Good news came last week regarding HB26-1121, at least, which would have required any facility that emits or may emit an air pollutant to post all emissions records publicly, with fines up to $47,357 per day for noncompliance. Publicly posting emissions records would have created a new compliance burden on facilities, the cost of which would ultimately fall to customers, while inviting organized pressure campaigns and private litigation.
The biggest story from February was the kickoff of reauthorizing the Public Utilities Commission (PUC). Under Colorado’s sunset review process, regulatory agencies must be periodically reauthorized or they expire. When that reauthorization bill is on the table, anything in the PUC’s enabling statutes can be changed, expanded, or constrained.

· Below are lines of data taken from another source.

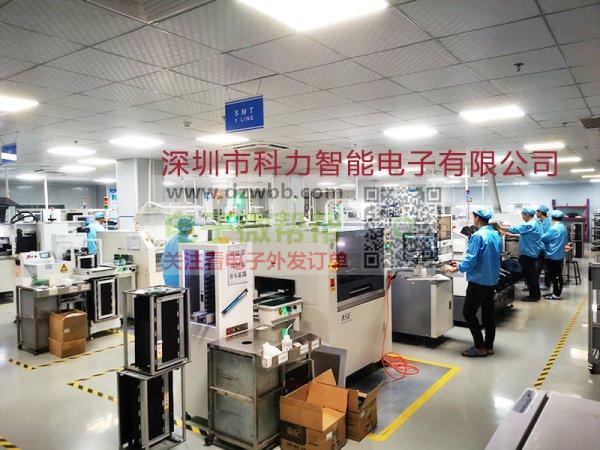 科力智能全国承接大小批量:SMT贴片、DlP插件后焊、波峰焊 科力智能全国承接大小批量:SMT贴片、DlP插件后焊、波峰焊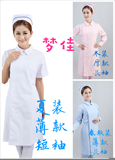 护士服白大褂 短袖长袖夏装冬装 底上领偏襟白色粉红色天蓝色包邮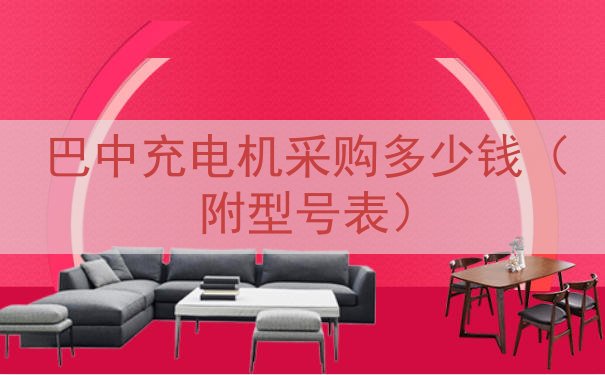 巴中充电机采购多少钱（附型号表）
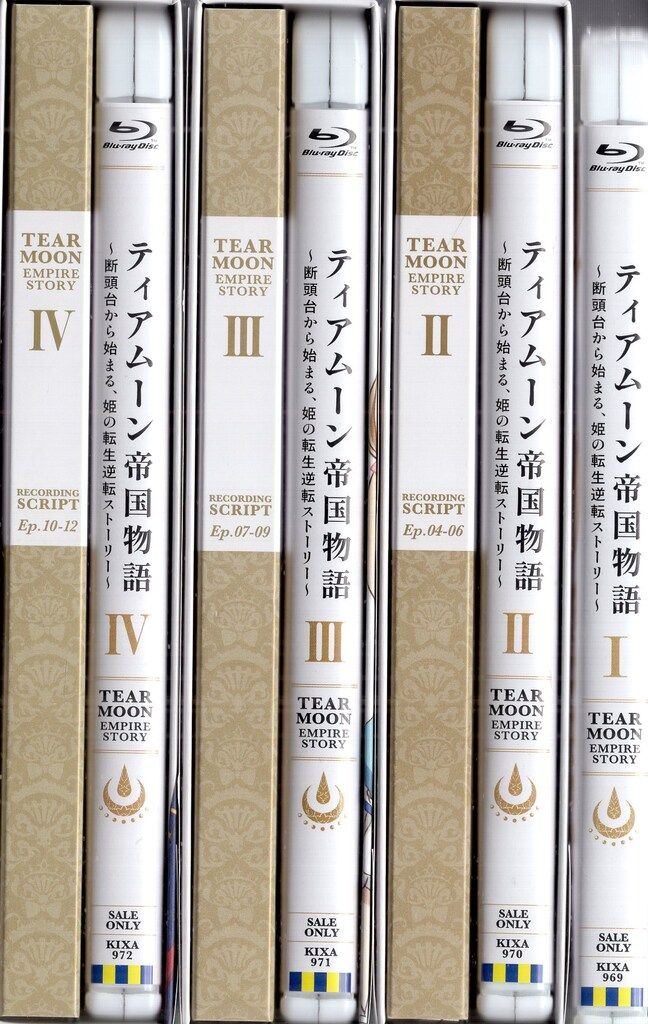 全4巻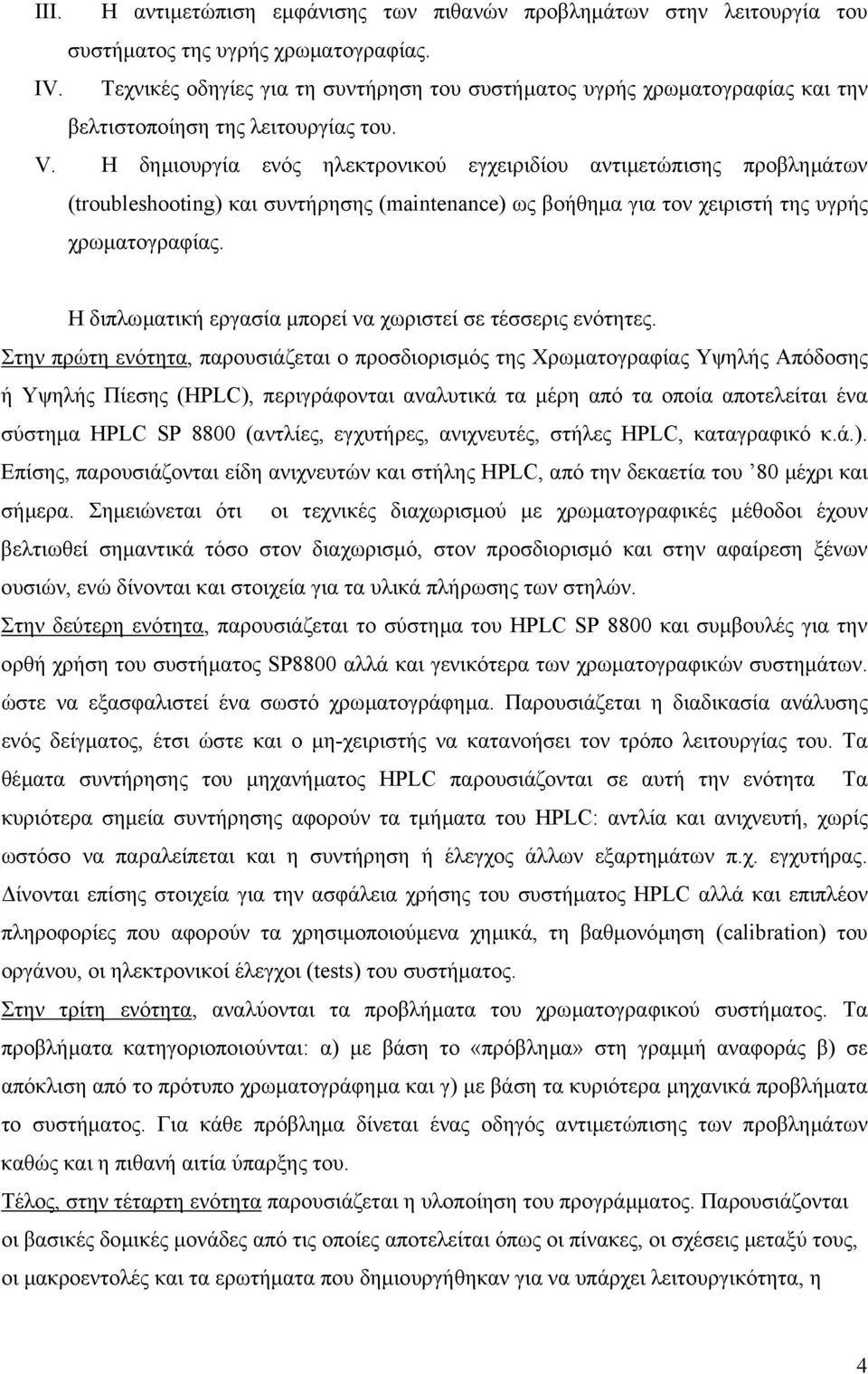 Η δηµιουργία ενός ηλεκτρονικού εγχειριδίου αντιµετώπισης προβληµάτων (troubleshooting) και συντήρησης (maintenance) ως βοήθηµα για τον χειριστή της υγρής χρωµατογραφίας.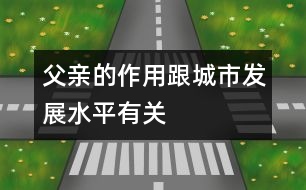 父親的作用跟城市發(fā)展水平有關(guān)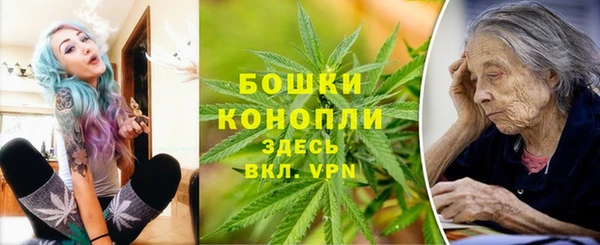 соль курить ск Волоколамск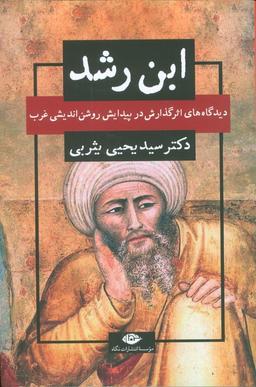عکس ابن رشد (دیدگاه‌های اثر گذارش در پیدایش روشن اندیشی غرب)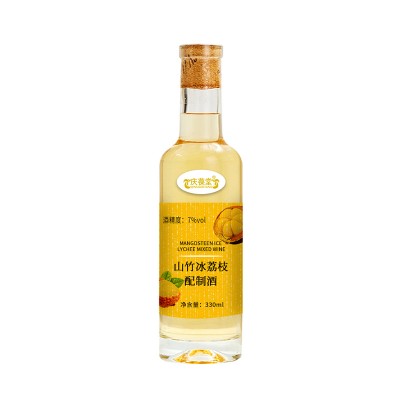 山竹冰荔枝配制酒女士低度水果酒小批量定制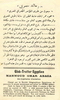 Memorabilia - 1918 - Globe-trotter Mahmoud Omar Abaza 02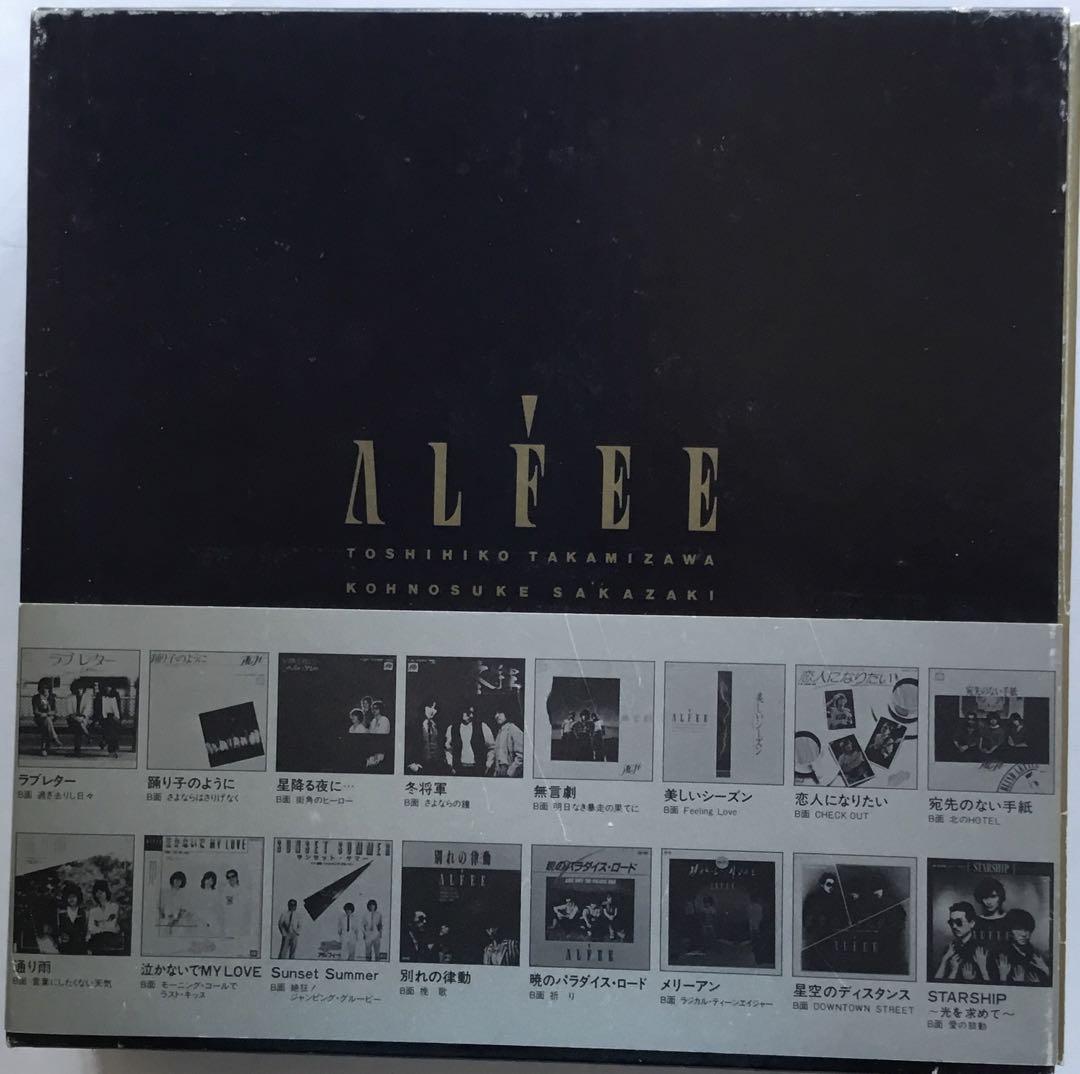 ALFEE ・高見沢俊彦・坂崎幸之助・桜井賢・完品・シングルBOX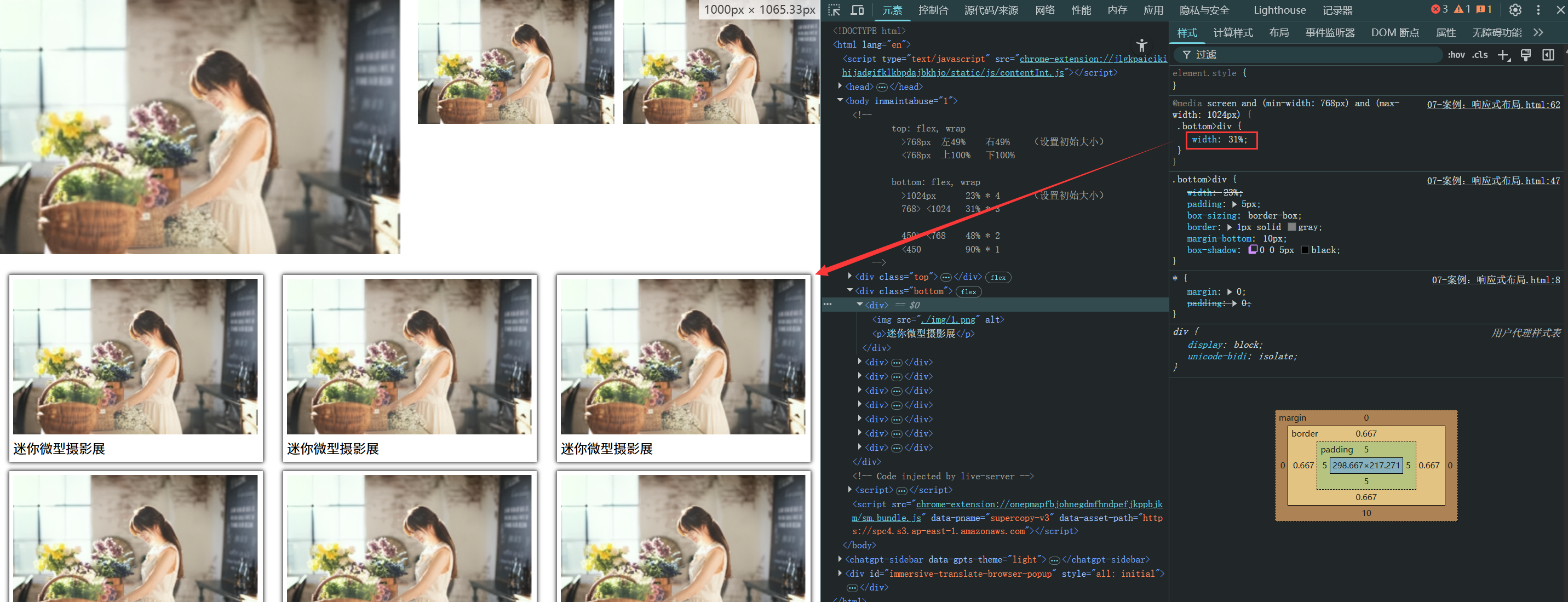image-20251202180642699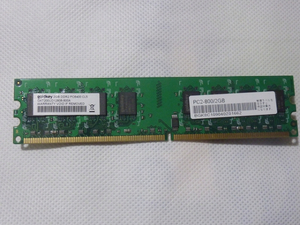 goldkey 2GB DDR2 PC64 CL5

A few things stand out from Department of Regulatory Agencies’ (DORA) sunset review report, which issues recommendations for the reauthorizing legislation. The report recommends extending the energy reauthorization to 11 years from now — or 2037, which is far too long for a body with such sweeping jurisdiction. It also proposes a carve-out from Colorado’s Open Meetings Law that would allow private commissioner deliberations on rate cases and pipeline approvals, with limited transparency safeguards. The report wants to subordinate RES compliance calculations to utility-filed Clean Energy Plans, which are on more aggressive mandates and timelines. Stay tuned for Independence Institute testimony when the reauthorization bill is introduced.
The session runs through May 13. Whether SB26-022 can get a hearing before co-ops and municipal utilities lose the ability to plan for longer-term options past 2030 is one of the most important remaining questions. The 2040 clean energy acceleration bill that Gov. Polis floated in 2025 and pulled back has not yet reappeared in this session. If and when it does, it will suck the oxygen out of the rest of what is happening. And the PUC reauthorization bill will shape how every mandate passed through 2037 will actually be implemented.
With a third or more bills introduced likely to relate to energy this year, the legislature will write more checks than the grid can cash.